= Yoked control design =

Experimental research design

A yoked control design is a research design used in experiments in which matched research subjects are yoked (joined together) by receiving the same stimuli or conditions. In operant conditioning the yoked subject receives the same treatment in terms of reinforcement or punishment.

Yoked control designs are used in a variety of scientific disciplines, including learning sciences, social psychology, and psychophysiology.

== Example ==

First ten stimuli for a yoked pair
| Irma Maes |  | Jef Jacobs |  |
|---|---|---|---|
| A | U | A | U |
| D | M | D | M |
| R | T | R | T |
| G | I | G | I |
| V | S | V | S |
| E | N | E | N |
| A | P | A | P |
| L | M | L | M |
| H | F | H | F |
| E | I | E | I |

In his research into the name-letter effect, Belgian experimental psychologist Jozef Nuttin created a yoked control design in which two subjects evaluated the same letters, separately. Some of the letters belonged to one subject's name, and some of the letters belonged to the other subject's name, while some were random.
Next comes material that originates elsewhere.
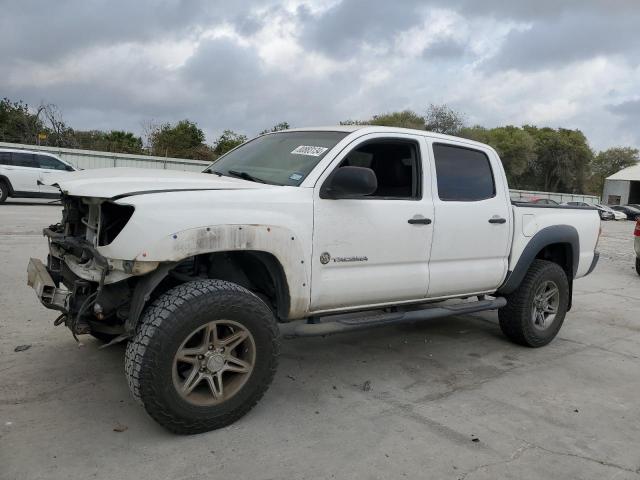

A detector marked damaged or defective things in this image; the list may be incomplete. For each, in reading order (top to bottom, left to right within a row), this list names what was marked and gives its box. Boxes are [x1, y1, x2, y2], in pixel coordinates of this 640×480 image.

Crucially, in the experimental design subjects are not aware that they are choosing letters from their name. In this design any difference in preference between subjects would have to be based on whether the letter occurred in their name. For example, for the fictitious pair Irma Maes and Jef Jacobs the first stimulus was A and U: the last letter in Irma's first name and a letter not in her name. Both subjects had to circle the letter they preferred. The next stimulus was M and D: the penultimate letter from Irma's first name and a letter not part of her name. This was repeated for the remaining letters of her first name, and subsequently the letters of her last name, also in reverse order, and finally the letters of both of Jef's names. Oral instructions were given to feel a preference as fast as possible, without thinking. If the yoked subjects shared a letter, choosing it did not contribute to the measurement. Nuttin found that people significantly liked name letters more than non-name letters, without realising it.